C Code constructs and Assembly Primer

WIP

Computer Architecture | Instruction Set Architecture (ISA)

To start this discussion with the end goal of having a solid grounds to understanding in the lowest level possible how a program functions by interacting with the Computer as Hardware, one must step back a bit to look at a Computer in it's very basic structure.

This is the basic architecture of any Computer at it's heart, not just PCs but Computer / Computing Devices of the modern world in general. This architecture has Three main Interfaces (CPU | Main Memory | Peripherals) with means to transfer data/information between them.

CPU: Central Processing Unit, for processing information, consists of:

ALU -> for doing the Math.

Control Unit -> for executing code.

Registers -> for storing data for fast processing, Registers are small memory that is accessed by names, for X86 a register size is of 1WORD.

Main Memory -> Stores data Moderately fast and is accessed by addresses, we can think of Main Memory as a sequence of linear bytes that is accessed by addresses.

Peripherals -> Devices attached to the Computer to interact with the outside world i.e (Keyboards, Mouse ..etc)

Bridges -> Responsible for handling transactions between these main interfaces by coordinating communication between Buses.

Buses -> Physical means to transfer information between different interfaces/components.

System Bus -> for transferring data to/from CPU.

Memory Bus -> for transferring data to/from Main Memory.

I/O Bus -> for Peripheral Devices.

Assembly vs Machine Code

Speaking of Low Level, for the simplest possible piece of code to execute and give us an output the very best Hello World! program there are tons of little operations working together under the hood to give us this output, from flipping transistors, fetching data from memory, sending signals via buses to the graphics card to print out Hello World!. With all this, the only language Computers understand is 1s and 0s i.e Binary Code.

In this episode we will discuss the two lowest Programming Codes that are directly translated to Binary Code, Machine Code, Assembly ,yet Assembly is not really a Programming Language but rather the simplest readable representation that could be for Machine Code.

Machine Code -> is the most detailed, lowest-level interaction with the processor that could be, all programming languages are an abstraction of that to make it easier to interact with the processor given the growth of number and complexity of modern computers' applications that are out there. So Machine Code is a Direct Interaction with the CPU to move information in/out of Memory/Registers, Control system bus, ALU ...etc

Is it Possible to program in Machine Code?? well... If you're done installing Arch from scratch on and on and emulating full systems with Qemu, I guess you're depressed enough to try it out :) .

Assembly -> on the other hand is the quickest shorthand to get a direct access to the CPU given the mnemonics representing various instructions to save us from writing punch of hex code Machine Code to write a simple operation like ADD / SUB, the more complex an instruction set can be the more complex operation a mnemonic can represent.

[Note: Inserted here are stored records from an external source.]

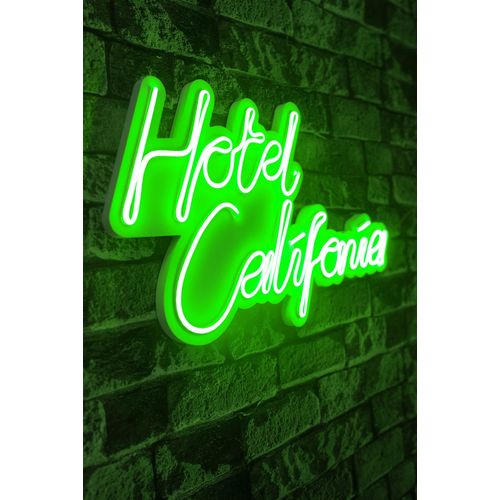 Wallity Ukrasna plastična LED rasvjeta, Hotel California - Green slika 8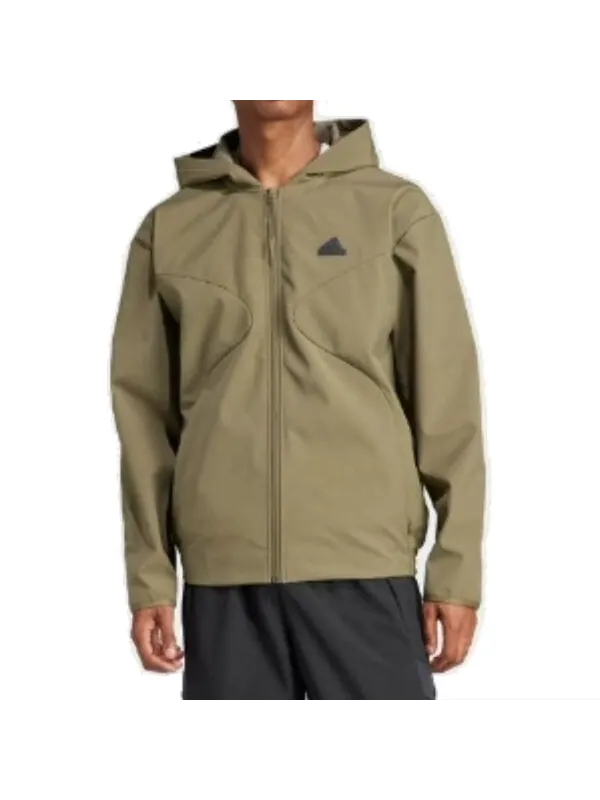 Куртка city escape с капюшоном на молнии Adidas — изображение 2 из 3, оливковый зеленый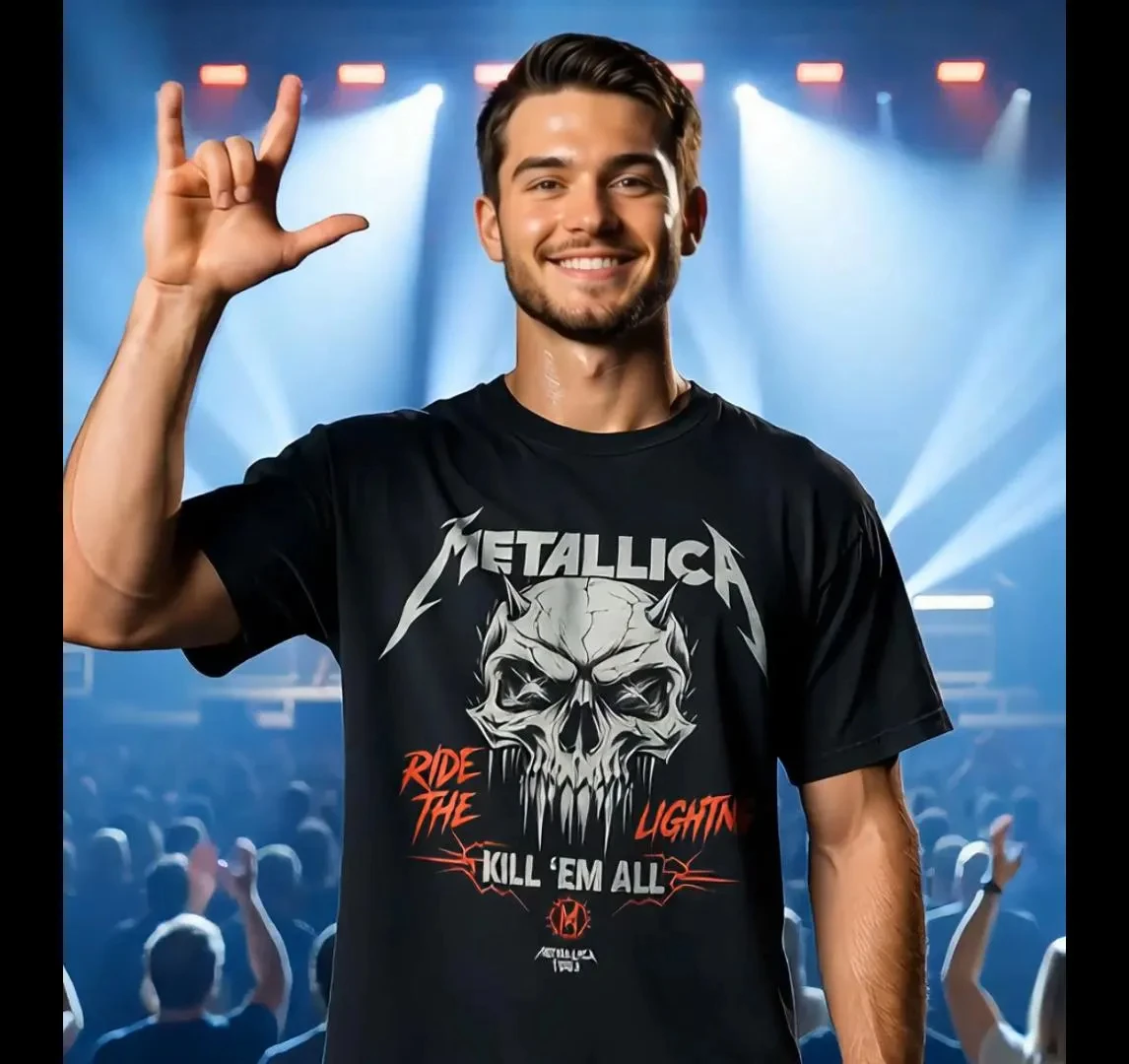 Ireland Summer Clothing - Metallica Band M72 World Tour Dublin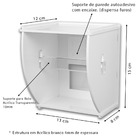PORTA PAPEL HIGIÊNICO DE PAREDE EM ACRÍLICO BRANCO CENTAURI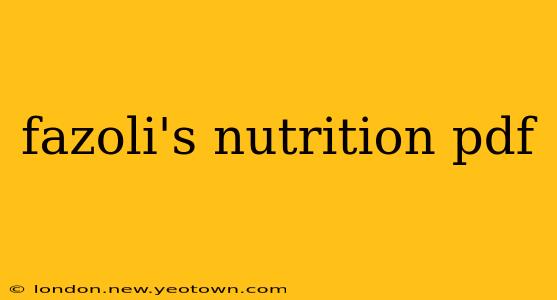 fazoli's nutrition pdf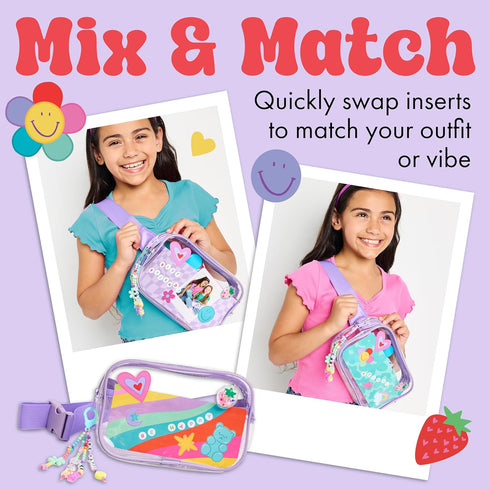6+) Creativity for Kids Chic Boutique Belt Bag: DIY Girls Fashion Kit, Arts and Crafts Kit, Birthday Gifts for Girls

As we move higher to high-level languages from the lot of Compiled languages to Interpreted languages we move much further from a direct interaction with the Processor.

Compiling Code vs Reverse Engineering Compiled Code

The Compilation Process for developing any Program, goes from Compiling Source Code to Assembly Code, and Assembling Assembly Code to Machine Code. As Reverse Engineering we use tools to do the very opposite of this.

Source Code --> Compiler -> Assembly --> Assembler -> Machine Code

To Disassemble/Reverse Engineer Binaries we use a disassembler that takes Machine Code translate it back to Assembly Code with much much work done to get us near to the original functionality of the program if Compiled with levels of Optimization and by using other tools we can De-compile this Assembly Code into some Pseudocode to make our lives even better.

Machine Code --> Disassembler -> Assembly Code --> Decompiler -> Pseudocode

Instruction Set Architecture (ISA)

There are tons of different Assembly Dialects out there, all designed based in an Instruction Set Architecture (ISA) that defines HOW to design the Assembly Dialect, the HOW has nothing to do with the Syntax of an Assembly Dialect, the syntax is entirely defined by the Assembler, and there is no Standard syntax for Assembly in general, not just for X86 or any other particular architecture's assembly dialect e.g we have AT&T syntax for X86 architectures that is used by GCC, and Intel syntax that is mostly used by reverse engineering tools and particularly IDA (The Interactive Disassembler).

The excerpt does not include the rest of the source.